Could a single web framework popularize Python?

Alex Martelli aleax at aleax.it
Fri Oct 10 08:58:49 EDT 2003


A.M. Kuchling wrote:

> On Fri, 10 Oct 2003 10:18:37 GMT,
> Alex Martelli <aleax at aleax.it> wrote:
>> I think you're wrong, but I admit I'm guessing.  To me, particularly
>> networking at OSCON, it seemed as if Parrot was generating lots of buzz.
> 
> Buzz, sure -- people are willing to *talk* about it, but people are
> willing
> to talk and opine about anything.  When it comes to actually devoting
> coding time to the project, however, people are much more conservative.

That is quite possible: I have no idea how well Parrot's coding is
actually progressing, your knowledge about that is much higher!

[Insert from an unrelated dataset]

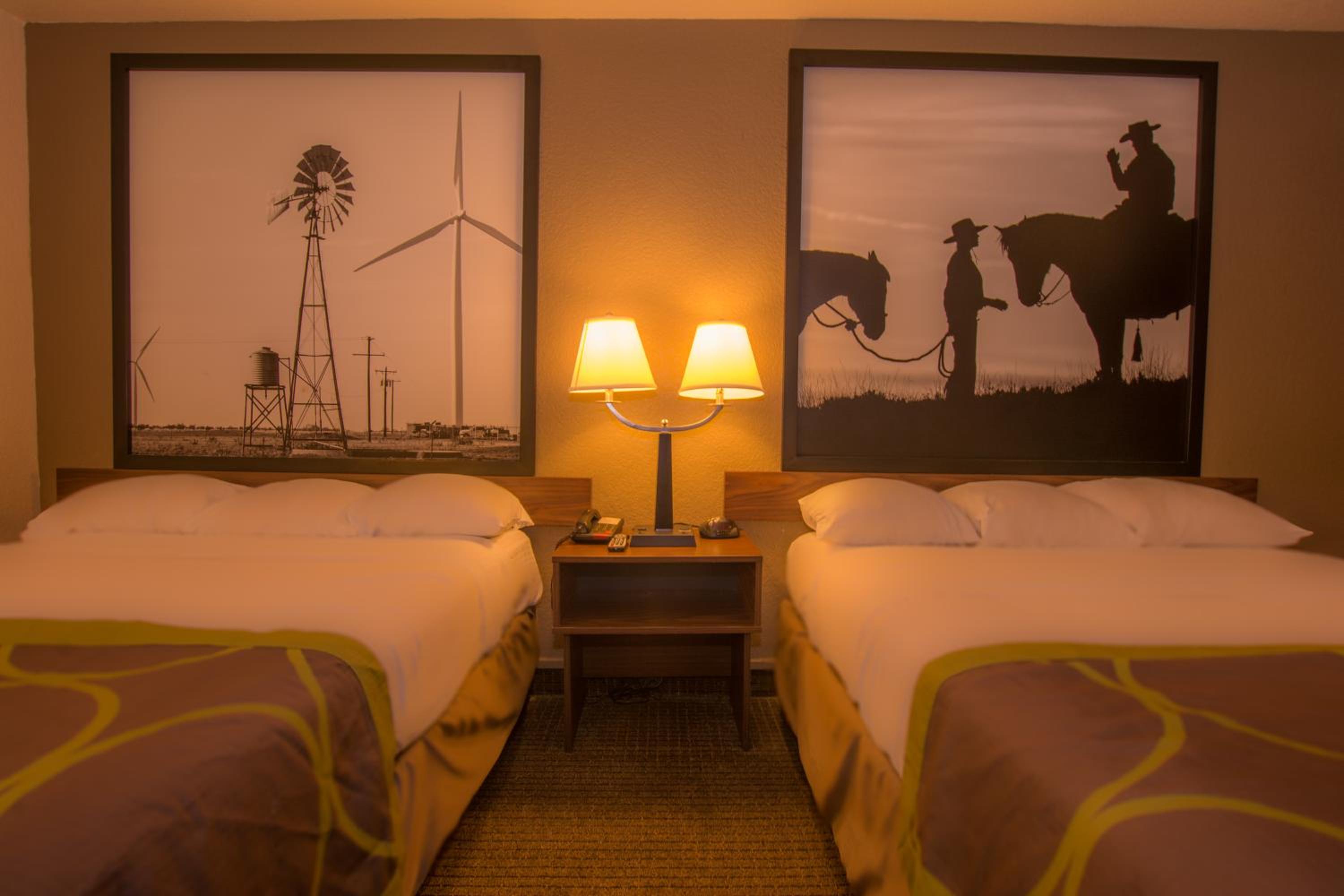 Queen Room with Two Queen Beds - Smoking - Photo 3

>> to get inspiration from.  I've often seen PHP'ers moving to Python
>> bemoan the fact that www.python.org isn't community-run and intense-
>> community-involvement the way www.php.org is -- that seems as inevitable
>> a complaint as Perlites-moving-to-Python's hankering for CPAN.
> 
> Did you mean PHP.net, not PHP.org?  PHP.org seems to be just a bunch of
> forums; PHP.net has more content, but it's not clear how the site is more
> community-oriented than python.org; are you referring to the annotatable
> documentation, or to something else?

I'm referring, vaguely and second-hand, to what PHPers trying out Python
seem to say pretty often and uniformly -- and it's quite possible that
they're referring to the .net rather than the .org site.  "Annotatable"
docs (perhaps with some overview) sure sounds like a way-cool idea, but
I have no first-hand experience of how well it works in practice.